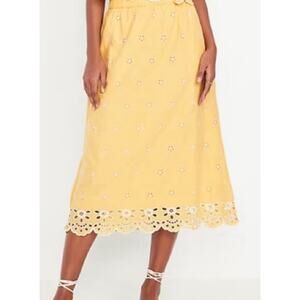 OLD NAVY Skirt 3X MIDI Butter Yellow Eyelet Lined NWT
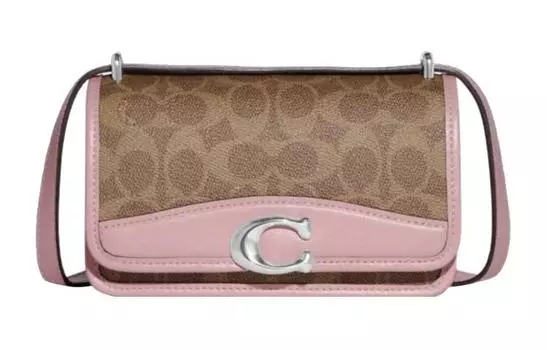 COACH Сумка Bandit из холста с кожаным ремешком через плечо, маленькая женская, коричневого и розового цвета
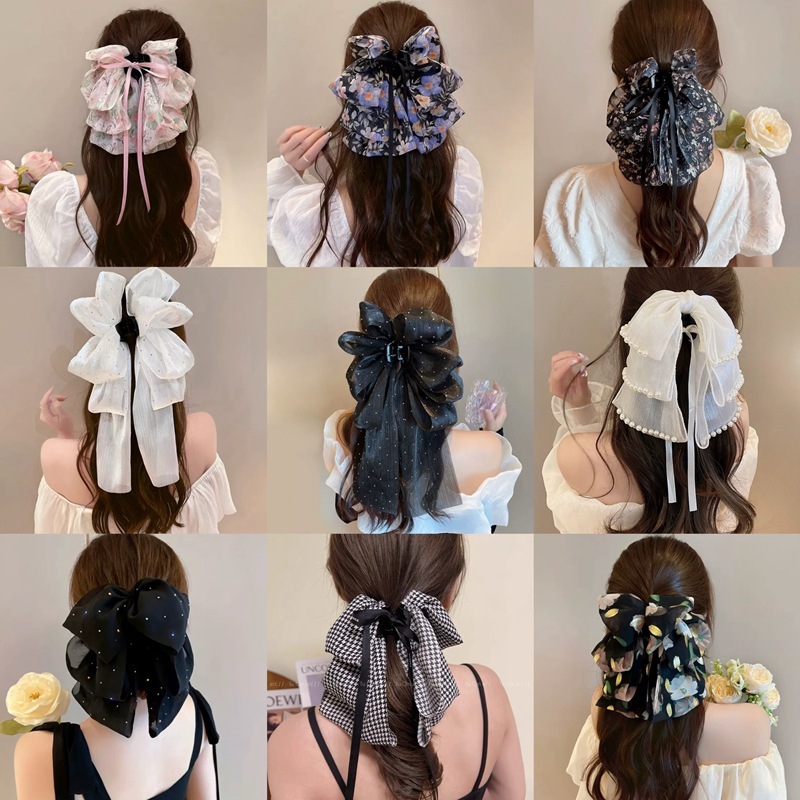 Mesh Sweet Starry Sky Bow Ribbon Claw High-End Low Ponytail Clip Back of Head Bun Hair Accessories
^^^^
EXERCISE:
Could you reproduce all of the data above exactly and skip any image?

YOUR SOLUTION:
 OLD NAVY Skirt 3X MIDI Butter Yellow Eyelet Lined NWT
 COACH Сумка Bandit из холста с кожаным ремешком через плечо, маленькая женская, коричневого и розового цвета
 Mesh Sweet Starry Sky Bow Ribbon Claw High-End Low Ponytail Clip Back of Head Bun Hair Accessories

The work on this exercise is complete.